_What is required_:
Write out the data that follows exactly, keeping every picture out.

-------- Data segment

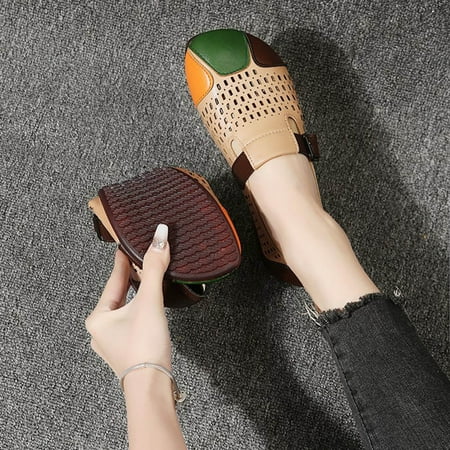 Cathalem Flip Flops Sandals Women s Fashion Soft Leather Beef Tendon Soft Bottom Flat Heel Single Womens Casual Shoes Size 8 Wide Khaki 6.5
Cathalem Flip Flops Sandals Women s Fashion Soft Leather Beef Tendon Soft Bottom Flat Heel Single Womens Casual Shoes Size 8 Wide Khaki 6.5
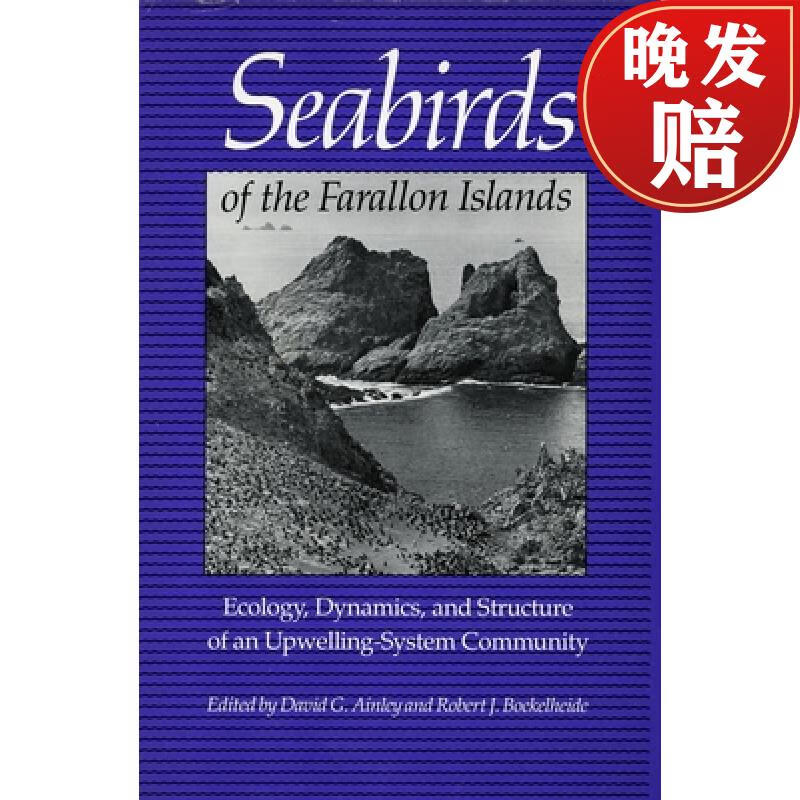 【4周达】Seabirds of the Farallon Islands: Ecology, Dynamics, and Structure of an Upwelling-System Comm~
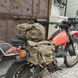 Сумка на хвіст Oxford Heritage Panniers Khaki 40L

----------------

_Written reply_:
 Cathalem Flip Flops Sandals Women s Fashion Soft Leather Beef Tendon Soft Bottom Flat Heel Single Womens Casual Shoes Size 8 Wide Khaki 6.5
Cathalem Flip Flops Sandals Women s Fashion Soft Leather Beef Tendon Soft Bottom Flat Heel Single Womens Casual Shoes Size 8 Wide Khaki 6.5
 【4周达】Seabirds of the Farallon Islands: Ecology, Dynamics, and Structure of an Upwelling-System Comm~
 Сумка на хвіст Oxford Heritage Panniers Khaki 40L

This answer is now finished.